I soldi in arrivo con il Pnrr avrebbero dovuto costituire il volano per rilanciare il Servizio sanitario nazionale. Ma quei fondi sono stati indirizzati altrove, utilizzati perfino per grandi opere destinate a peggiorare ulteriormente la già precaria situazione ambientale; alla sanità restano solo le briciole. Dei 191 miliardi del Pnrr circa 15, pari all’8% del totale, erano destinati alla sanità, poi il governo Meloni ha cancellato 414 case e 96 ospedali di comunità e i fondi sono stati tagliati ulteriormente. I soldi del Pnrr sono destinati quasi solo a costruire edifici e ad acquistare strumenti diagnostici, non ad assumere personale; molte delle strutture costruite verranno quindi affidate in gestione al privato. Non sono stati aumentati in modo generalizzato gli stipendi di medici e infermieri ed è quindi proseguita la fuga all’estero che in vent’anni ha coinvolto 180.000 operatori sanitari. Le liste d’attesa sono infinite, i pronti soccorsi sono sempre più simili ai gironi danteschi nonostante lo sforzo di chi ci lavora, i medici di Medicina generale soffocano nella burocrazia.

Nel frattempo, aumentano i farmaci diventati introvabili, che lasciano nella solitudine e nella disperazione i malati. I servizi territoriali vengono tagliati, i consultori ridotti, decine di migliaia di adolescenti e di bambini, che dopo quanto sofferto durante la pandemia avrebbero necessità di un sostegno psicologico, sono abbandonati a sé stessi con CPS e UONPIA, Unità Operative di Neuropsichiatria dell’Infanzia e dell’Adolescenza, prive di personale e di risorse economiche.
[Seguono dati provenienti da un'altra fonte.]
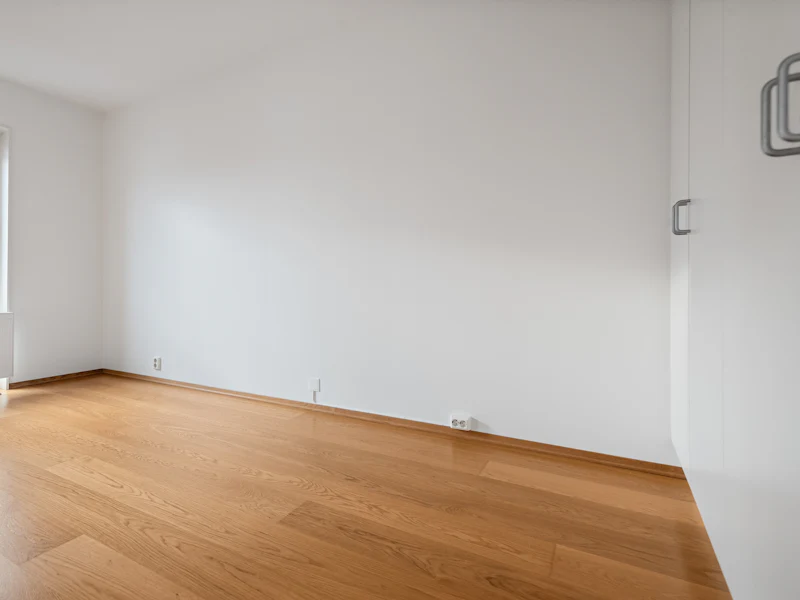 Schaukelstuhl neben einem Bücherregal – bereit für die Übergabe (nachher, Symbolbild)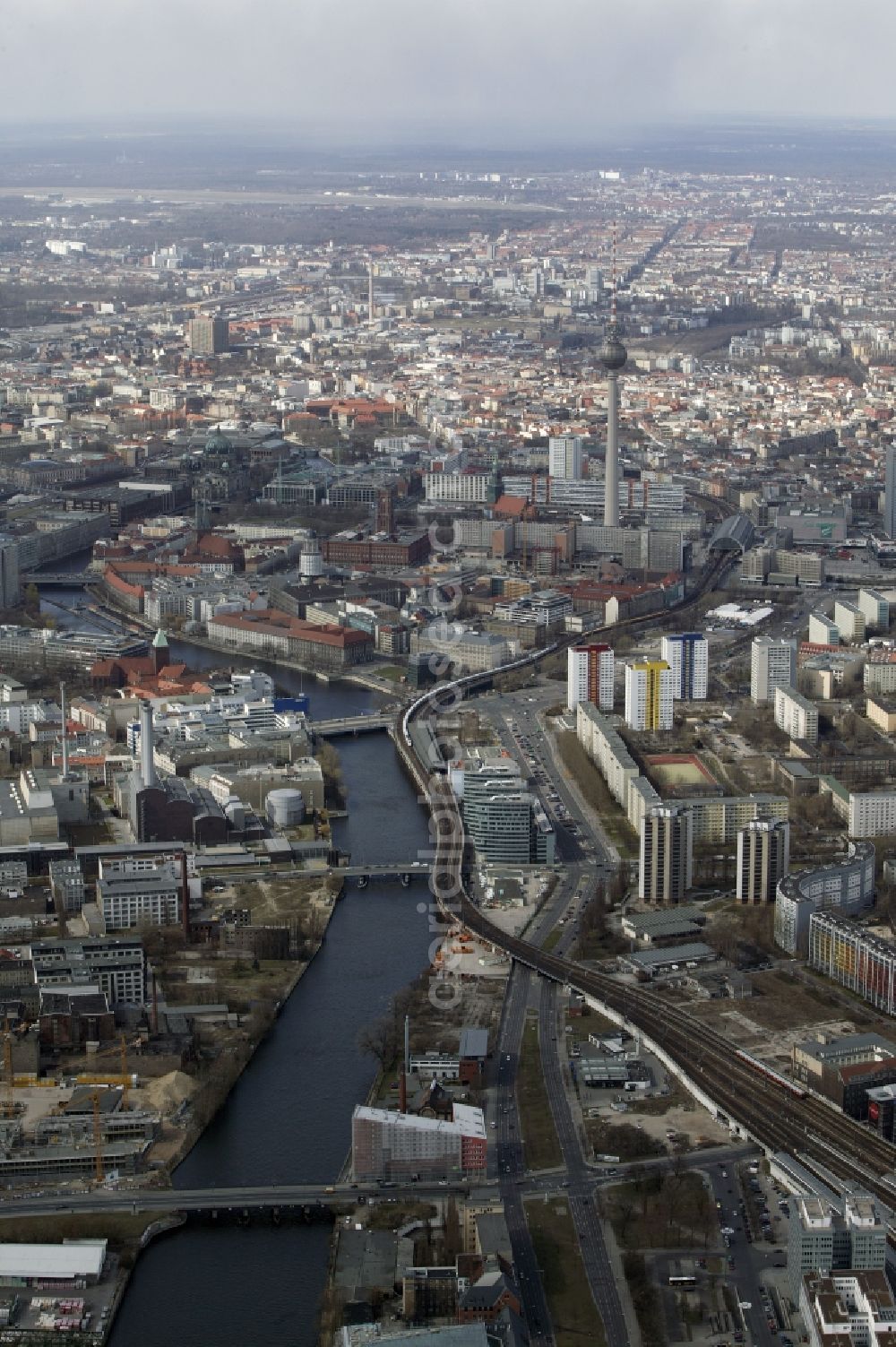 Aerial photograph Berlin Friedrichshain - View district center on the banks of the River Spree Holzmarktstrasse - S-Bahn station in Berlin Jannowitzbruecke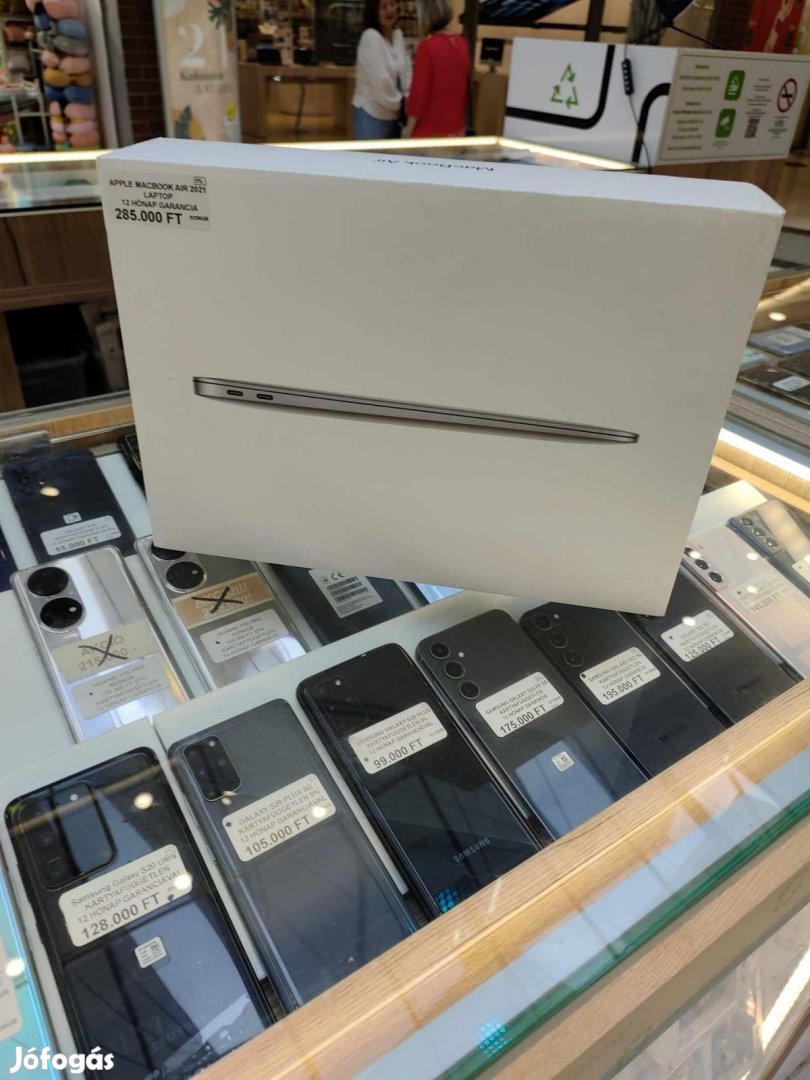 Apple MacBook Air M1 2020 Wi-Fi, 12 hó garancia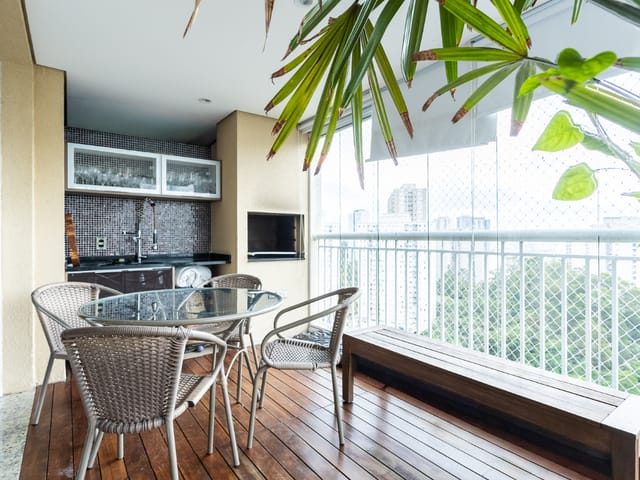 Apartamento com 214m² 2 quartos e 4 banheiros, à venda, no bairro Vila Andrade em São Paulo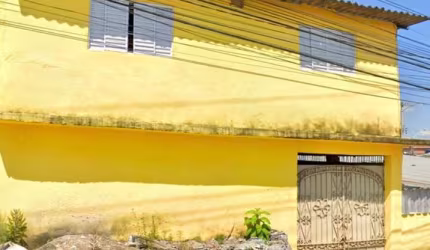CASA com  COZINHA INDUSTRIAL e GALPÃO  200m2  Km30 - Jardim Barro Branco - Cotia / SP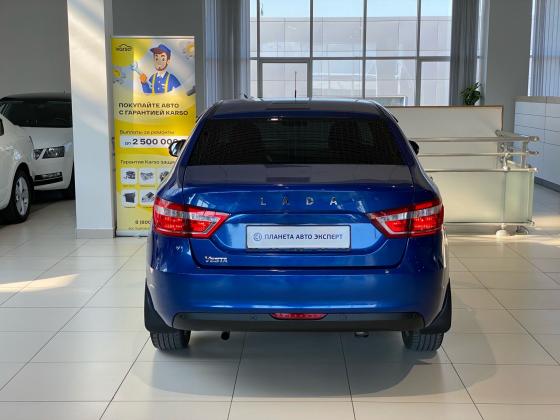 ВАЗ (Lada) Vesta 1.6 MT (106 л.с.) 2021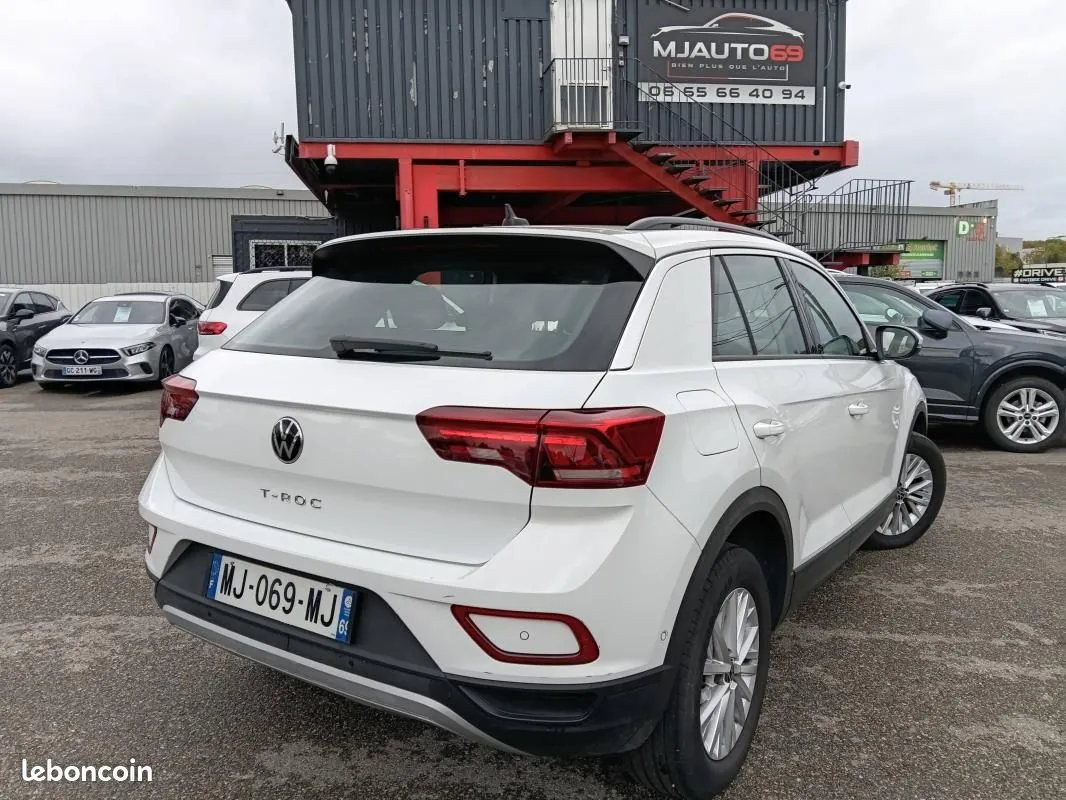 Volkswagen T-Roc 2023 photo 3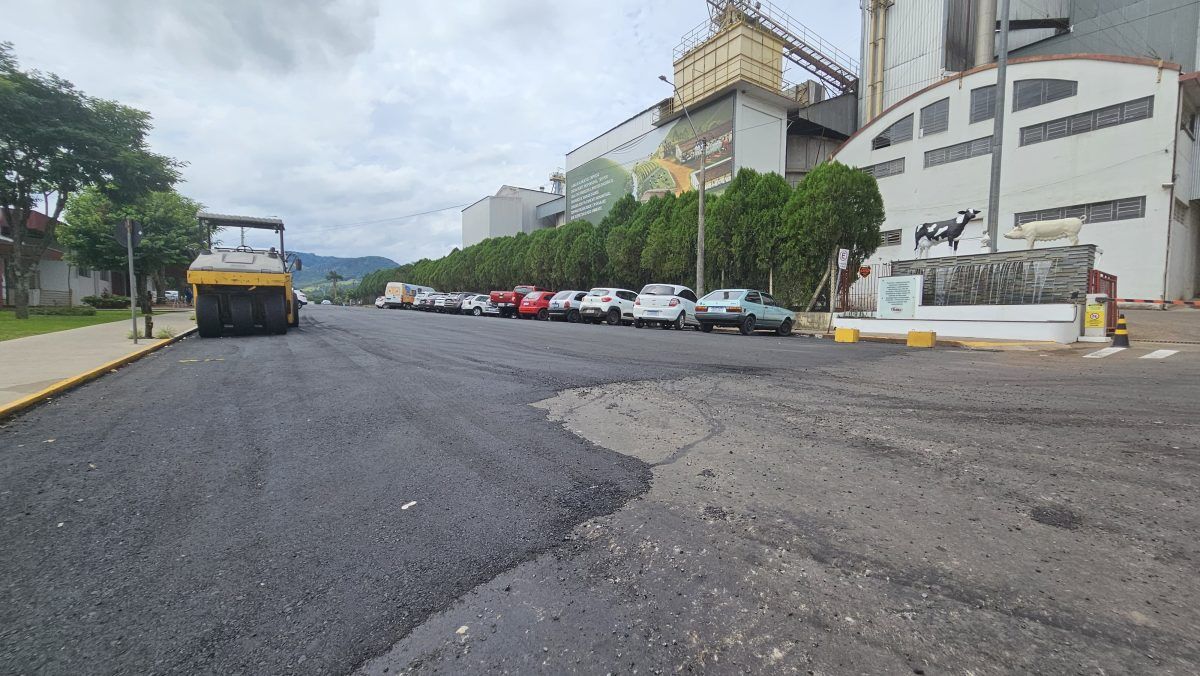 Ruas de Encantado são asfaltadas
Non c’è dubbio che siamo messi peggio che nel 2019, in epoca prepandemica. Se dovesse arrivare una nuova pandemia, oggi avremmo meno strumenti.

Una grande missione

Chi ci governa procede coniugando la furia devastatrice verso il Ssn, le cui spoglie vengono consegnate al privato, con un’irresponsabilità autodistruttiva ormai fuori da ogni controllo. Scrive Lula, presidente del Brasile: “Il futuro post pandemia non è garantito per nessuno. È oggetto di conflitto… Coloro che, come noi, cercano da tempo di costruire un mondo di opportunità uguali per tutti, in cui la vita, i diritti umani e l’ambiente siano valori reali e impossibili da spezzare, hanno di fronte una grande missione” (“Senza respiro Un’inchiesta indipendente sulla pandemia Coronavirus in Lombardia, Italia, Europa. Come ripensare un modello di sanità pubblica” Vittorio Agnoletto, ed. Altreconomia 2020 pag. 9-10).

La lotta per il diritto universale alla salute è un obiettivo prioritario per tutti coloro che si oppongono allo stato delle cose presenti e che vogliono ancora immaginare un futuro possibile.